Top of Data shown
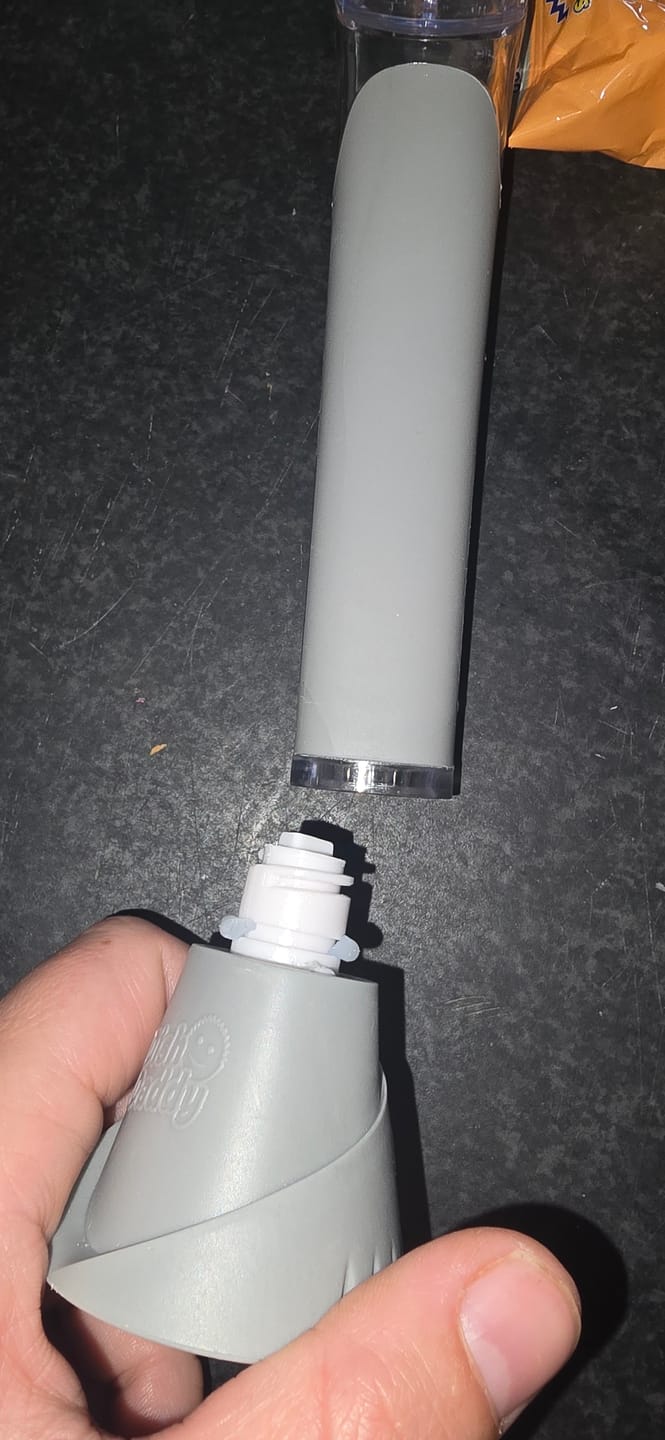 Customer photo review of Dish Daddy Complete Setup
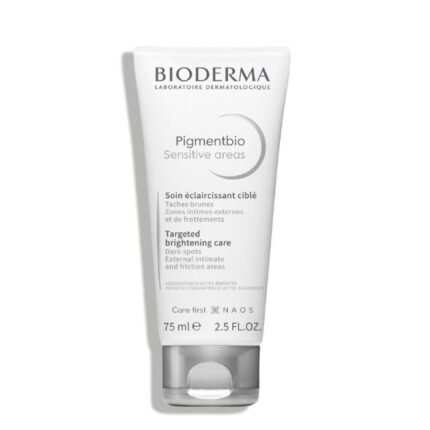 BIODERMA PIGMENTBIO SENSITIVE AREAS - 75 ML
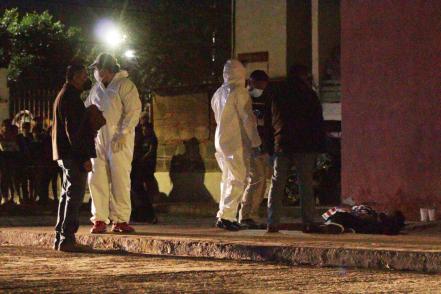 Asesinan a joven en la capital potosina que huía de sujetos armados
Bottom of Data shown
• [How to complete this task]:
Everything from the line with "BIODERMA PIGMENTBIO SENSITIVE AREAS - 75 ML" through the final line of the material is to be returned exactly, both ends included, apart from the pictures.

• [Written reply]:
 BIODERMA PIGMENTBIO SENSITIVE AREAS - 75 ML
 Asesinan a joven en la capital potosina que huía de sujetos armados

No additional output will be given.